Note: This article was originally produced in December 2019 for the Cattlemen’s Update Tour hosted by the University of Nevada — Reno and USDA-RMA. American AgCredit has also been a faithful sponsor of the event. This article has been updated to reflect the market as of February 2020.


When considering the 2019 season, words like “grind” and “grit” and phrases such as “labor of love” come to mind. Grit has always been a key characteristic for Nevada ranchers. But in the early 2019 season, optimism was met with strong production, which pushed cattle prices lower and forced many ranchers to apply ample grit and adjust their approach mid-season.

The cost of production also increased slightly, which kept profit margins relatively tight and the fight for profits challenging. However, the demand for beef remains strong, providing producers with some support heading into 2020.

The Demand Picture

In 2019, headlines were filled with new “meatless-meat” options. Judging from headlines, some would be surprised to learn that total beef consumption in the U.S. actually increased nearly 2 percent from the previous year1.

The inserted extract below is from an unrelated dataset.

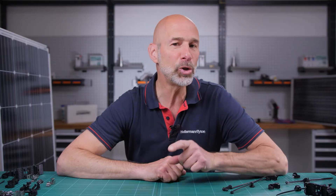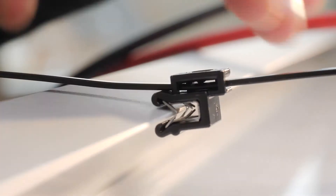Today's topic is: how can you avoid contact corrosion in your edge mounting?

Total beef consumption in 2019 increased primarily due to a slight increase in per capita consumption, meaning the demand growth is not a result of a growing population but rather a slight increase in table share. The USDA’s 2019 estimate of 57.9 retail pounds per capita is the highest per capita consumption since 2012, though it is still somewhat below long-run historical averages. For true and sustained long-term growth, the beef industry will need to continue to improve per capita consumption. Early USDA forecasts have 2020 beef consumption slightly lower to flat compared with 2019.

Beef export markets slightly slowed from a record pace set in 2018. Total 2019 beef exports declined around 4 percent from the previous year. In dollar terms the export market has also cooled somewhat from 2018, but beef exports remain well above historical averages2. Export demand for hides and variety meats has cooled more rapidly as slower global growth, previously unresolved trade issues and a strong U.S. dollar slightly tempered demand for these products.

Looking forward, there is optimism that beef exports in 2020 will challenge 2018 levels. The USDA currently forecasts the volume of beef exports in 2020 to be 4 percent higher than 2018 levels1.  Moreover, trade resolutions with China, the passage of United States-Mexico-Canada Agreement (USMCA) and devastating wildfires in Australia could lead to greater market access for US beef exports to fill the global protein gap left by declines in the Asian hog herd.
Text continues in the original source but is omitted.